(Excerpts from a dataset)
┌──
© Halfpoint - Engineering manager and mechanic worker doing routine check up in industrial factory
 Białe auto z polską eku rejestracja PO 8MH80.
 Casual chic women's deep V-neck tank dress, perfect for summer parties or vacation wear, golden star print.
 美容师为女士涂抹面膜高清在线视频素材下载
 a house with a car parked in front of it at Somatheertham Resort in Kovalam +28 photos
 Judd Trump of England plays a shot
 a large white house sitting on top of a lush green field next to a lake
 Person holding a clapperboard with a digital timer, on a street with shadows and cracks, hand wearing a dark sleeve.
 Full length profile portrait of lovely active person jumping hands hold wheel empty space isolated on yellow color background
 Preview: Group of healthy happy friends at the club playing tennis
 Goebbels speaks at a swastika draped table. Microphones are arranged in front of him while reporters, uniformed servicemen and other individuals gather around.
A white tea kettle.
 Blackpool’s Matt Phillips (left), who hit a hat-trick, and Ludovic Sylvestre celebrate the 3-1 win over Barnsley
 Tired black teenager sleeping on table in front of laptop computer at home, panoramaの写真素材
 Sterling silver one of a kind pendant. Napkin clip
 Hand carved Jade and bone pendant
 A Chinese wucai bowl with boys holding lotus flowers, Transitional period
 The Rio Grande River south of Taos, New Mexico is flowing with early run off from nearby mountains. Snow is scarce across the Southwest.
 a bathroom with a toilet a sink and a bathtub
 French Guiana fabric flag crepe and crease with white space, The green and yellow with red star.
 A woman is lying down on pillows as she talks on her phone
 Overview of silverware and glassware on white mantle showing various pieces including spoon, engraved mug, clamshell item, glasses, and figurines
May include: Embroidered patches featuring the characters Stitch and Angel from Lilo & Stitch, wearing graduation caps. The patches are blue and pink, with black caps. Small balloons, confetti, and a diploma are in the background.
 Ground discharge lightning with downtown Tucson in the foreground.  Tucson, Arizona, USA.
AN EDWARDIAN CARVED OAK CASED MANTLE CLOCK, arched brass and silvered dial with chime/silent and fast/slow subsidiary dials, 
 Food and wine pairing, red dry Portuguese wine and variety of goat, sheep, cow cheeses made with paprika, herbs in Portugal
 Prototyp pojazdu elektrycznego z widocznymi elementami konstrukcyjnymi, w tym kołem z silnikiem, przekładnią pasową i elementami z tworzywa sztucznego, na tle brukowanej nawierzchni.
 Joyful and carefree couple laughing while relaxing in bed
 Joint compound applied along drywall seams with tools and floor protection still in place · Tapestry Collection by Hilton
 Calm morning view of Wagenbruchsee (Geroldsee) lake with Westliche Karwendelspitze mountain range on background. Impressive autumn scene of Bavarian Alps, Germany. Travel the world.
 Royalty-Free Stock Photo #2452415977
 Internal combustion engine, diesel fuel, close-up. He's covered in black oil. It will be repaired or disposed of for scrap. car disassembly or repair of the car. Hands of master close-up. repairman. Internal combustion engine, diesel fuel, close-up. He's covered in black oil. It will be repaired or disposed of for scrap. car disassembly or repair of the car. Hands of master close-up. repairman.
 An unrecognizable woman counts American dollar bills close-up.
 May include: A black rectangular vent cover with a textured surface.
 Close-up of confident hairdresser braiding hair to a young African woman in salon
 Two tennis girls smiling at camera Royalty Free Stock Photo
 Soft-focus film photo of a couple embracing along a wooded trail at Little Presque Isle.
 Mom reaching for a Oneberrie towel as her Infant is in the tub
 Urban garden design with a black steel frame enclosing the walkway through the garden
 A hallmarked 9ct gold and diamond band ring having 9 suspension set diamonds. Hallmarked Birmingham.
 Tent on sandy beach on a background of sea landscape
└──
Problem description:
Please write out exactly the lines from the start of the data through the line that contains "Goebbels speaks at", both ends included, and nothing else.

Exercise output:
© Halfpoint - Engineering manager and mechanic worker doing routine check up in industrial factory
 Białe auto z polską eku rejestracja PO 8MH80.
 Casual chic women's deep V-neck tank dress, perfect for summer parties or vacation wear, golden star print.
 美容师为女士涂抹面膜高清在线视频素材下载
 a house with a car parked in front of it at Somatheertham Resort in Kovalam +28 photos
 Judd Trump of England plays a shot
 a large white house sitting on top of a lush green field next to a lake
 Person holding a clapperboard with a digital timer, on a street with shadows and cracks, hand wearing a dark sleeve.
 Full length profile portrait of lovely active person jumping hands hold wheel empty space isolated on yellow color background
 Preview: Group of healthy happy friends at the club playing tennis
 Goebbels speaks at a swastika draped table. Microphones are arranged in front of him while reporters, uniformed servicemen and other individuals gather around.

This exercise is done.